[Extracted records]
╭──

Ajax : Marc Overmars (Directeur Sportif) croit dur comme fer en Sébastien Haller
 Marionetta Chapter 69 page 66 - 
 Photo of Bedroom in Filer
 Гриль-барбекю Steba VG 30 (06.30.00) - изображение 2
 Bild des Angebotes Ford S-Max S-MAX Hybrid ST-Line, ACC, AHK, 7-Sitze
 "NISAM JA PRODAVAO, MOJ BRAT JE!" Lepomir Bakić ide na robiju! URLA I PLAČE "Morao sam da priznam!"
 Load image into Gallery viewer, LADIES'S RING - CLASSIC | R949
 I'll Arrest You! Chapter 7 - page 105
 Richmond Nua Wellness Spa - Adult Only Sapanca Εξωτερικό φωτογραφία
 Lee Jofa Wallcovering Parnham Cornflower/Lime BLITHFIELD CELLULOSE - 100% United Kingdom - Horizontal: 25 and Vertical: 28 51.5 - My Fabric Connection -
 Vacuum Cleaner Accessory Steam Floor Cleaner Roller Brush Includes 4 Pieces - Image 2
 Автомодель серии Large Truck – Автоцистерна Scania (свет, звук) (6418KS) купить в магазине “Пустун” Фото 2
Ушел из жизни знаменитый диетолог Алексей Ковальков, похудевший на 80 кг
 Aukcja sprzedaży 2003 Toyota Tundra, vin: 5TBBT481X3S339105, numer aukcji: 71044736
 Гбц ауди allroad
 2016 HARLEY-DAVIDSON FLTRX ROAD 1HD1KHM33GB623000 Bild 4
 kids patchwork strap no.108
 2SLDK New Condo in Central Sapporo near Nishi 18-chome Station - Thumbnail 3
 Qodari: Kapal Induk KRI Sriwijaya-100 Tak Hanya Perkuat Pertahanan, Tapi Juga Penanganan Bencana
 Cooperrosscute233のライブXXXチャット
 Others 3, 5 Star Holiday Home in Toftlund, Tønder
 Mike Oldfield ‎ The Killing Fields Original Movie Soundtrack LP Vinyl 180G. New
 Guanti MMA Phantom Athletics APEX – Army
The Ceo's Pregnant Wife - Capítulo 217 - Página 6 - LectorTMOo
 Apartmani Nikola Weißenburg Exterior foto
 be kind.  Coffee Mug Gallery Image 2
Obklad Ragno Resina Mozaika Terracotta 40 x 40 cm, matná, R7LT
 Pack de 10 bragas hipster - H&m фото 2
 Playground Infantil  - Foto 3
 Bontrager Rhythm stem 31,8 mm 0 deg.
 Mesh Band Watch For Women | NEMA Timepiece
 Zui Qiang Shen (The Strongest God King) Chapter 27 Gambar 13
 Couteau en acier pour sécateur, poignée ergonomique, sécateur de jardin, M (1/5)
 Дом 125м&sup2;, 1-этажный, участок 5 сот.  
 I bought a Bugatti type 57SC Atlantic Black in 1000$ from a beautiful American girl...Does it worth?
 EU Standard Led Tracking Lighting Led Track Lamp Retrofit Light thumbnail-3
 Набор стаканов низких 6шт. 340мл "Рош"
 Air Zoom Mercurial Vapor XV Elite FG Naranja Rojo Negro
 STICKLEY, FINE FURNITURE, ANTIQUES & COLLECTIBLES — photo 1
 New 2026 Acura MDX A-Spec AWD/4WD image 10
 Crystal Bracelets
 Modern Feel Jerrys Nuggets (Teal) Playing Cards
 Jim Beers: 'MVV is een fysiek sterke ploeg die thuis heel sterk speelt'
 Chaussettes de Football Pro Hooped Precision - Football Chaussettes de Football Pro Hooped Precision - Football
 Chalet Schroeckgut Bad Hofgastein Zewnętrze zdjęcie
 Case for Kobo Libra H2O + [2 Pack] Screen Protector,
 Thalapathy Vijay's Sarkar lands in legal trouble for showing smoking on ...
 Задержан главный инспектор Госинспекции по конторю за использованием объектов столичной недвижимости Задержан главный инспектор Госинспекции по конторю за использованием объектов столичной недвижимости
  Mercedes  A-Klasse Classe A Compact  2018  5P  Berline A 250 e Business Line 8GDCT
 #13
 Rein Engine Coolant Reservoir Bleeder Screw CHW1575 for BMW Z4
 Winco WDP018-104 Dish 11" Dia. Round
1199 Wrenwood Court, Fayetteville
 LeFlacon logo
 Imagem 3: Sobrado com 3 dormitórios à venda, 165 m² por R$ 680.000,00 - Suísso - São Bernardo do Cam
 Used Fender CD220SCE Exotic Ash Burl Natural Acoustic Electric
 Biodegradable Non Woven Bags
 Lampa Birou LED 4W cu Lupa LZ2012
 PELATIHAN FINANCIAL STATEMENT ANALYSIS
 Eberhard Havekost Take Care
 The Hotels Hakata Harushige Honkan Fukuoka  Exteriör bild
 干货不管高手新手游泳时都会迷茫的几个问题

╰──

[Exercise instructions]
From the very first line of the data through the line with "Qodari: Kapal Induk" in it, please reproduce each line exactly and output nothing more.

[Finished task]
Ajax : Marc Overmars (Directeur Sportif) croit dur comme fer en Sébastien Haller
 Marionetta Chapter 69 page 66 - 
 Photo of Bedroom in Filer
 Гриль-барбекю Steba VG 30 (06.30.00) - изображение 2
 Bild des Angebotes Ford S-Max S-MAX Hybrid ST-Line, ACC, AHK, 7-Sitze
 "NISAM JA PRODAVAO, MOJ BRAT JE!" Lepomir Bakić ide na robiju! URLA I PLAČE "Morao sam da priznam!"
 Load image into Gallery viewer, LADIES'S RING - CLASSIC | R949
 I'll Arrest You! Chapter 7 - page 105
 Richmond Nua Wellness Spa - Adult Only Sapanca Εξωτερικό φωτογραφία
 Lee Jofa Wallcovering Parnham Cornflower/Lime BLITHFIELD CELLULOSE - 100% United Kingdom - Horizontal: 25 and Vertical: 28 51.5 - My Fabric Connection -
 Vacuum Cleaner Accessory Steam Floor Cleaner Roller Brush Includes 4 Pieces - Image 2
 Автомодель серии Large Truck – Автоцистерна Scania (свет, звук) (6418KS) купить в магазине “Пустун” Фото 2
Ушел из жизни знаменитый диетолог Алексей Ковальков, похудевший на 80 кг
 Aukcja sprzedaży 2003 Toyota Tundra, vin: 5TBBT481X3S339105, numer aukcji: 71044736
 Гбц ауди allroad
 2016 HARLEY-DAVIDSON FLTRX ROAD 1HD1KHM33GB623000 Bild 4
 kids patchwork strap no.108
 2SLDK New Condo in Central Sapporo near Nishi 18-chome Station - Thumbnail 3
 Qodari: Kapal Induk KRI Sriwijaya-100 Tak Hanya Perkuat Pertahanan, Tapi Juga Penanganan Bencana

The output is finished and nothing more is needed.